■ **Crawled caption data**
+ + + + + + +

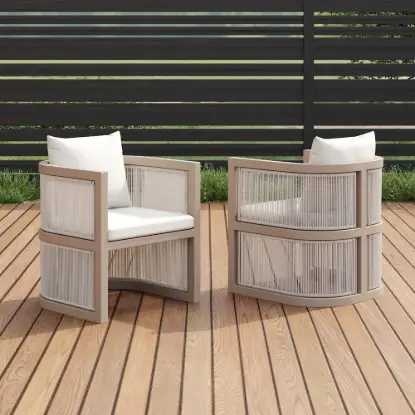 Wevara 2 Pieces Modern Aluminium & Ropes Outdoor Dining Chair Set in Sand & Oatmeal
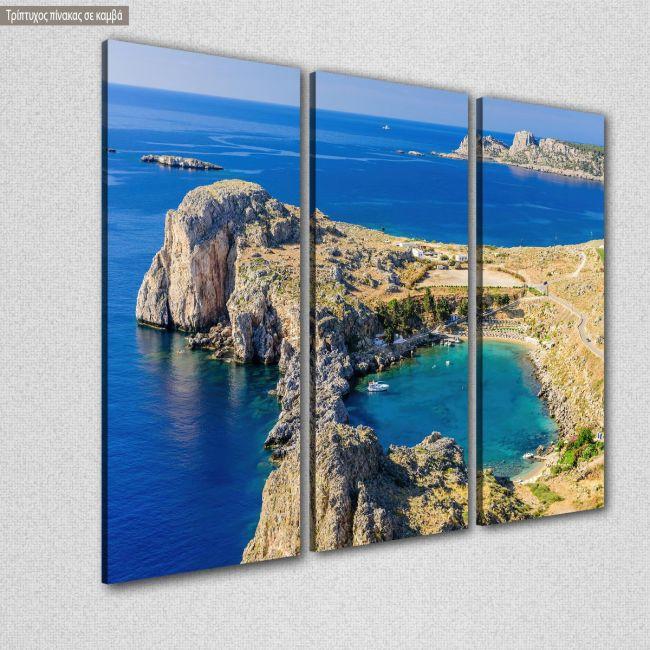 Canvas print Kolpos Agiou Pavlou Rodos3 panels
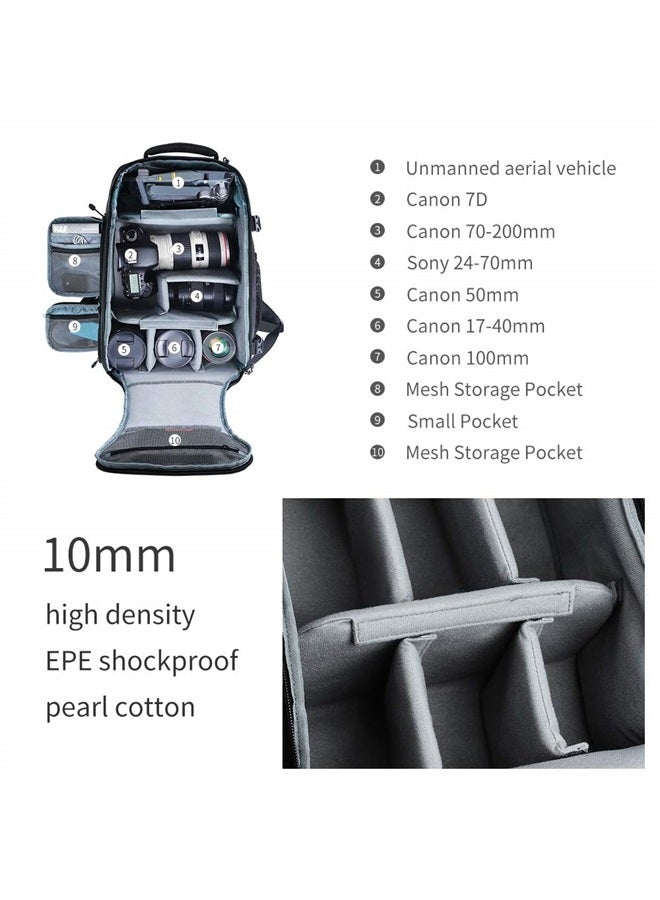 BESCHOI Camera Backpack, Beschoi Waterproof Camera Bag Photography Bag with Tripod Strap and Rain Cover Large Capacity Rucksack for DSLR Camera, Speedlite Flash, Camera Tripod, Laptops, Lens and Accessories  - Image 3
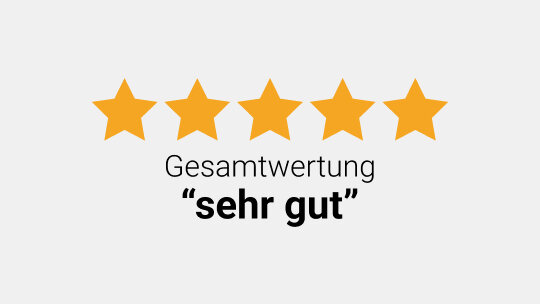 Überzeugen Sie sich von unserem Qualitätsanspruch mit der Gesamtwertung "sehr gut" Überzeugen Sie sich von unserem Qualitätsanspruch mit der Gesamtwertung "sehr gut"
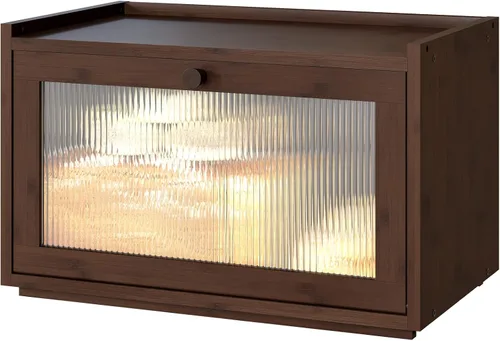 Vista 10 de kiplant Panera grande para encimera de cocina, contenedor de almacenamiento de pan de bambú negro con puerta transparente de arcílica ondulada, caja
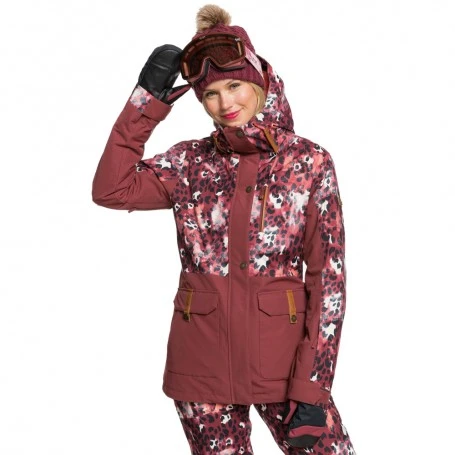 Parka De Ski ROXY Andie Lie De Vin / Imprimé Femme 4 Parka De Ski ROXY Andie Lie De Vin / Imprimé Femme - Image 2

+ + + + + + +

■ **EXERCISE PROMPT**
Repeat the records above word for word. Pictures stay out of the copy.

■ **WRITTEN SOLUTION**
 Wevara 2 Pieces Modern Aluminium & Ropes Outdoor Dining Chair Set in Sand & Oatmeal
 Canvas print Kolpos Agiou Pavlou Rodos3 panels
 BESCHOI Camera Backpack, Beschoi Waterproof Camera Bag Photography Bag with Tripod Strap and Rain Cover Large Capacity Rucksack for DSLR Camera, Speedlite Flash, Camera Tripod, Laptops, Lens and Accessories  - Image 3
 Überzeugen Sie sich von unserem Qualitätsanspruch mit der Gesamtwertung "sehr gut" Überzeugen Sie sich von unserem Qualitätsanspruch mit der Gesamtwertung "sehr gut"
 Vista 10 de kiplant Panera grande para encimera de cocina, contenedor de almacenamiento de pan de bambú negro con puerta transparente de arcílica ondulada, caja
 Parka De Ski ROXY Andie Lie De Vin / Imprimé Femme 4 Parka De Ski ROXY Andie Lie De Vin / Imprimé Femme - Image 2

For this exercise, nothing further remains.